Nikos Alexandris wrote:

Attempting to clean a very big vector map (after patching and before
dissolving) ended without success. It's about all CORINE tiles to form
the European-wide land cover map.

The process was running for 2 days now and killed itself for reasons I
don't understand. The machine I currently work with has 4GB of RAM and
8GB of swap memory, not to mention the free hard disk space.

# the map is big!
GRASS 6.4.svn (corine):/geo/grassdb/europe/corine/PERMANENT/vector > ls -lah corine

-rw-r--r-- 1 nik nik 1.9G 2009-01-06 10:01 coor

Ouch.

-rw-r--r-- 1 nik nik 647M 2009-01-06 09:59 topo

Ouch.

For vectors, you should assume that not only will you need to store
the entire map in memory, but the in-memory version may be
significantly larger than the underlying files due to the need to
store additional information related to the processing.

# cleaning...
GRASS 6.4.svn (corine):~ > v.clean corine out=corine_clean tool=snap,break,rmdupl thresh=.01
Killed

-The "w" was pressed by me accidentally. But I assume that it has little
to do with the process being killed.

Correct.

-Additionally, I was watching from time to time the process's status via
"top".

What on earth killed this "important" process?

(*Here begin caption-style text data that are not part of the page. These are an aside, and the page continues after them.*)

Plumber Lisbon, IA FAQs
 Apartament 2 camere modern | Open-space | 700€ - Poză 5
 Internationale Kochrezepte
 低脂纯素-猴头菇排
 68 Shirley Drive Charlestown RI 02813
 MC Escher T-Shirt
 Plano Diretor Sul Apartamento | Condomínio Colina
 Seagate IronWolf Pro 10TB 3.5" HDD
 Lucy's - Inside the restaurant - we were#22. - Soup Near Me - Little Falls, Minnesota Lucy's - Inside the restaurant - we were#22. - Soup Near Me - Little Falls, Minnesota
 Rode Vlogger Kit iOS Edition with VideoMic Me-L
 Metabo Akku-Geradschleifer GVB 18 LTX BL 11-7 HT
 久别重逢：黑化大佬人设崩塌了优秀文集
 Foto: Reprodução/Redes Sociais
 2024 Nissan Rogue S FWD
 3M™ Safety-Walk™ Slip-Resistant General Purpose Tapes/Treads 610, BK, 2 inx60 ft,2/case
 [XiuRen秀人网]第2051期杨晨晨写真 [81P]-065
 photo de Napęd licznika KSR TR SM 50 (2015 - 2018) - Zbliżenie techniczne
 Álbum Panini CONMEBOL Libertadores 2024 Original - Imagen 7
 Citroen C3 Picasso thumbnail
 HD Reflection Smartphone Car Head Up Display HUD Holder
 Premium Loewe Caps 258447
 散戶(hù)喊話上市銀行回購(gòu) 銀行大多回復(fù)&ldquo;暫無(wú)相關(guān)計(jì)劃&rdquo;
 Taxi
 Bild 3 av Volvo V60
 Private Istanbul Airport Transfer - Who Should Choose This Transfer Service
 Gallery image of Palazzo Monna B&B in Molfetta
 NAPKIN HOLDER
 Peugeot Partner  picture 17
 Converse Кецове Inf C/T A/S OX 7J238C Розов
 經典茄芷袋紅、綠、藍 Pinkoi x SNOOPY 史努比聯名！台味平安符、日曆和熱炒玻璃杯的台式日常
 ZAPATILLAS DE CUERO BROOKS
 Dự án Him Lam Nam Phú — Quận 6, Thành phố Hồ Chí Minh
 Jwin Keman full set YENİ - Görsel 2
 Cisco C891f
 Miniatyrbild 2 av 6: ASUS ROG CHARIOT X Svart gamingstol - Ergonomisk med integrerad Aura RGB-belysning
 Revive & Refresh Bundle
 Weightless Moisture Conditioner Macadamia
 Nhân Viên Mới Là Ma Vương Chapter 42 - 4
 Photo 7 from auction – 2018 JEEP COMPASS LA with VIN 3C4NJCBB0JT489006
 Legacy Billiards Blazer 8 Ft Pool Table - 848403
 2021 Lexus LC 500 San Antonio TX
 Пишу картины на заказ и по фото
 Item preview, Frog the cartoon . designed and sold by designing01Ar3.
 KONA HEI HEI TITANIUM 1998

It was most likely terminated due to excessive resource usage, either
for exceeding its own specified limits (see "ulimit -a") or for
depleting system-wide resources to the extent that the kernel killed
it to protect overall system integrity.

How should on go about and clean this map?

On a 64-bit system with a lot of RAM. A 32-bit system limits each
process to a 4GiB address space, some of which is reserved.

--
Glynn Clements <glynn@gclements.plus.com>

On Fri, 2009-01-09 at 15:57 +0000, Glynn Clements wrote:

Nikos Alexandris wrote:

> Attempting to clean a very big vector map (after patching and before
> dissolving) ended without success. It's about all CORINE tiles to form
> the European-wide land cover map.
>
> The process was running for 2 days now and killed itself for reasons I
> don't understand. The machine I currently work with has 4GB of RAM and
> 8GB of swap memory, not to mention the free hard disk space.
>
> # the map is big!
> GRASS 6.4.svn (corine):/geo/grassdb/europe/corine/PERMANENT/vector > ls -lah corine

> -rw-r--r-- 1 nik nik 1.9G 2009-01-06 10:01 coor

Ouch.

> -rw-r--r-- 1 nik nik 647M 2009-01-06 09:59 topo

Ouch.

For vectors, you should assume that not only will you need to store
the entire map in memory, but the in-memory version may be
significantly larger than the underlying files due to the need to
store additional information related to the processing.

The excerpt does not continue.